Example (April 2, 2026):

  1. Loop 1 missed it: AI PR #4239 added Vite define rules. npm run build passed (the crash is runtime-only).
  2. Loop 2 missed it: PR checks passed — TypeScript compiles fine, the corruption is in the vendor bundle at runtime.
  3. Loop 5 caught it: User reported blank page on console.kubestellar.io within 15 minutes.
  4. Fix shipped: PR #4248 removed the bad define rules. A pre-existing TypeScript error blocked Netlify deploy (PR #4253 fixed it). Production restored in ~45 minutes.
  5. Loop 1 strengthened: Added a post-build check (check-vendor-safety.mjs) that scans vendor bundles for void 0( calls. This class of bug now fails at npm run build — it can't reach Loop 2.

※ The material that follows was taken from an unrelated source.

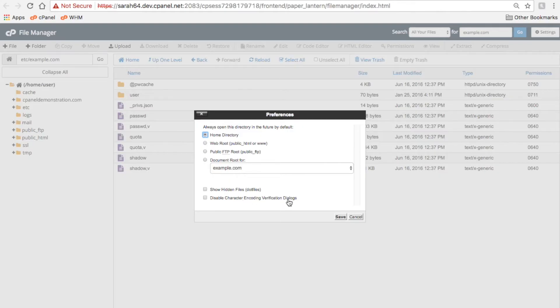Make your changes and then click Save. Or, if you don't want to make any changes, click Cancel.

The check was added manually by a maintainer, not auto-generated. The pattern is: when a regression class is identified, a maintainer adds an automated check to the earliest possible loop.

What This Means

  • AI doesn't get a free pass. Every AI-generated PR triggers the same checks as human PRs. There is no bypass.
  • Checks are advisory, not hard blocks. There are no GitHub required status checks configured. Maintainers review check results and make the merge decision. This is intentional — some legitimate PRs touch areas not covered by existing tests.
  • The check suite grows from incidents. When a regression class is identified, a new check is added. The 5 post-build safety checks, post-merge Playwright verification, and nil-safety ratcheting all exist because of specific past incidents.
  • Monitoring catches what gates miss. Hourly coverage, 4x daily QA, nightly E2E, and real-time GA4 error tracking provide continuous feedback on production quality — not just at PR time.

Contributing

All contributions — human or AI-assisted — trigger the same checks. See CONTRIBUTING.md for development setup and conventions.